Anytime a movie features an archer the archery business gets a good shot in the arm, however with the success of a blockbuster like The Hunger Games, and with less than 100 days until the Olympic Games, I believe it is a great time for archery coaches and businesses everywhere. Many businesses are already reporting increases in business since the movie opened. I personally have witnessed a significant jump in the interest in archery recently when I had 10 new people show up to join my school archery club at our last meeting.

The Hunger Games is about a game show where young people between 12-18 years old are pitted into a life-or-death situation. Twenty-four Tributes, as they are called in the game, one male and one female from each of the 12 districts in a post-apocalyptic future to fight each and the elements until there is a single victor. The movie is based on the first book on the young adult trilogy written by Suzanne Collins.

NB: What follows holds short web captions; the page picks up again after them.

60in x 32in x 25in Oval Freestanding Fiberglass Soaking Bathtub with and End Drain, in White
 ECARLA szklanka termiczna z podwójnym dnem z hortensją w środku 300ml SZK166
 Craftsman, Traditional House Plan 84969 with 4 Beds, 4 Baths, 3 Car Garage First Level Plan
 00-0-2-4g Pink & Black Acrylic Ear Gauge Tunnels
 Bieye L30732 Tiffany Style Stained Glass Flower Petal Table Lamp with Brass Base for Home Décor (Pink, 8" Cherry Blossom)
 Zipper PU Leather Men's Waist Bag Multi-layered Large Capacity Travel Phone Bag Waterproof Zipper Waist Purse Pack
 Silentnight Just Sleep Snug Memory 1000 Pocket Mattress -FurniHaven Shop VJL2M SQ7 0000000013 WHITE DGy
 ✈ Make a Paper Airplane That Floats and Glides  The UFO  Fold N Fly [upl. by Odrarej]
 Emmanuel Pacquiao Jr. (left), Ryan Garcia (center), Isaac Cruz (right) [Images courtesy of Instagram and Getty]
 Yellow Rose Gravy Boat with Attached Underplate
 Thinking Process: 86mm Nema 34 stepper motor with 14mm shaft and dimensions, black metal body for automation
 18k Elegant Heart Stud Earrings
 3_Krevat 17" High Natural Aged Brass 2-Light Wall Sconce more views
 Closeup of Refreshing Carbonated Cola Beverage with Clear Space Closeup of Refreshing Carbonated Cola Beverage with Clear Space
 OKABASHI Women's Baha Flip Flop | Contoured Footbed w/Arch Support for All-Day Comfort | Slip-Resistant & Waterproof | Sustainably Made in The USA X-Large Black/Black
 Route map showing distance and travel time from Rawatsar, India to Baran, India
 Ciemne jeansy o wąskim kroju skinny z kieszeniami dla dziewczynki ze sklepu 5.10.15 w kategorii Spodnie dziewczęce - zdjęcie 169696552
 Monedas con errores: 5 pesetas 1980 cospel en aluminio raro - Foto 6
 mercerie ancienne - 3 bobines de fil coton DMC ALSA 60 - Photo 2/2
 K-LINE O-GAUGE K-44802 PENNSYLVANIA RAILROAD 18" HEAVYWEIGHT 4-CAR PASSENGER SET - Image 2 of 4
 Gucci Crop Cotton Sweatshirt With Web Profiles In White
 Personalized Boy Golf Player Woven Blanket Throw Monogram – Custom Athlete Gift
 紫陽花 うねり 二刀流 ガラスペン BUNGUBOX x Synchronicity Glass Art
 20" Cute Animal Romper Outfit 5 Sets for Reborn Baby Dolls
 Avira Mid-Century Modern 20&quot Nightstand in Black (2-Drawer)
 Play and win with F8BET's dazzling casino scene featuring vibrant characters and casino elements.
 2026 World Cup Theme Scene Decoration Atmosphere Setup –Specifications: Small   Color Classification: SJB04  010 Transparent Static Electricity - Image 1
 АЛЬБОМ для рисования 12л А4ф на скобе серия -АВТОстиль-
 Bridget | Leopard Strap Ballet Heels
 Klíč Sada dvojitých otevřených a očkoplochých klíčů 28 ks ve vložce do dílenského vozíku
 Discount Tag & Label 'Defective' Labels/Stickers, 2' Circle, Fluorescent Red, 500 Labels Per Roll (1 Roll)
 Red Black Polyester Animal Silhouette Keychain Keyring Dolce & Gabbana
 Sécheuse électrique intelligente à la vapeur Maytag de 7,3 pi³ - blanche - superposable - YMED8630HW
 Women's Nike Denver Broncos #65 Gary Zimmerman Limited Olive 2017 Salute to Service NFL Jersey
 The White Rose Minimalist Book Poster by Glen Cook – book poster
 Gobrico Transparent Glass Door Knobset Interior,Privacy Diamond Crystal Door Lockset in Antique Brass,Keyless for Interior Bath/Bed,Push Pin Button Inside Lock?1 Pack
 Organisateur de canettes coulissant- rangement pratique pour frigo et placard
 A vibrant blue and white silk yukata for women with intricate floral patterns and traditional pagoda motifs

With the popularity of the film, which has grossed over $350 million worldwide so far, Loinsgate has already announced it has plans for a sequel based on the second book “Catching Fire” and it will be directed by Francis Lawrence.

The movie centers on Katniss Everdeen, played by actress Jennifer Lawrence (no relationship to Francis), who uses her hunting archery skills to survive. Jennifer developed her archery skills in preparation for the role under her mentor Khatuna Lorig. Khatuna, originally from Georgia and a naturalized American, is a five-time Olympian and earned a bronze medal as part of the women’s team at the 1992 Olympics.  With the movie having a strong female heroine, I am sure the interest of young women all over the world will reach new heights.

If you have not had an opportunity to see the movie yet, I highly recommend it and afterwards contact you local archery club to try archery for yourself.